帝给赐陈叔宝甚厚,数得引见,班同三品;每预宴,恐致伤心,为不奏吴音。后监守者奏言:“叔宝云,‘既无秩位,每预朝集,愿得一官号。’”帝曰:“叔宝全无心肝!”监者又言:“叔宝常醉,罕有醒时。”帝问:“饮酒几何!”对曰:“与其子弟日饮一石。”帝大惊,使节其酒,既而曰:“任其性;不尔,何以过日!”帝以陈氏子弟既多,恐其在京城为非,乃分置边州,给田业使为生,岁时赐衣服以安全之。
隋文帝赏赐给陈叔宝许多金银财物,又多次接见他,让他和三品以上公卿大臣同班站立;每当陈后主参加宴会时,隋文帝恐怕引起他的亡国之悲,就禁止在宴会上演奏吴地音乐。后来监护看守陈后主的官吏上奏说:“陈叔宝说:‘我没有官秩品位,却得经常参加朝会宴集,希望能得到一个官品。’”文帝不高兴地说:“陈叔宝真是没有一点心肝!”监护官吏又上奏说:“陈叔宝经常喝得大醉,很少有清醒的时候。”文帝于是问道:“他每天喝多少酒?”监护官吏回答说:“每天和他的子弟家人能喝一石酒。

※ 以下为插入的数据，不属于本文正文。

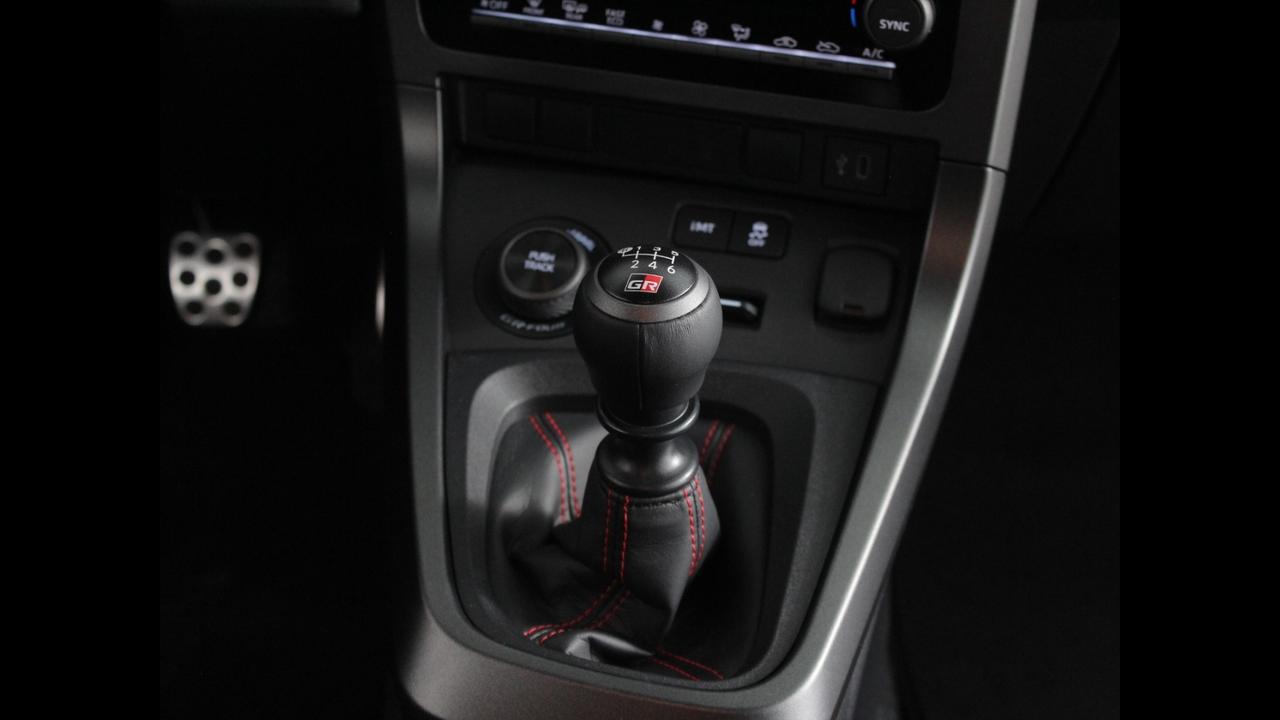 TOYOTA GR YARIS CIRCUIT AT MY24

”文帝大惊,下令对陈后主的狂饮滥喝加以限制,不一会又说:“随他去吧,不用管他。他不如此酗酒,又怎么能打发日子呢!”文帝因为陈氏宗室子弟很多,恐怕他们在京城长安惹事生非,于是下令把他们分散安置在边远州郡,分配给他们田地产业使他们得以为生,并且每年都派人去赏赐给他们一些衣服以使他们安然度日。
诏以陈尚书令江总为上开府仪同三司,仆射袁宪、骠骑萧摩诃、领军任忠皆为开府仪同三司,吏部尚书吴兴姚察为秘书丞。上嘉袁宪雅操,下诏,以为江表称首,授昌州刺史。闻陈散骑常侍袁元友数直言于陈叔宝,擢拜主爵侍郎。谓群臣曰:“平陈之初,我悔不杀任蛮奴。受人荣禄,兼当重寄,不能横尸崐徇国,乃云无所用力,与弘演纳肝何其远也!”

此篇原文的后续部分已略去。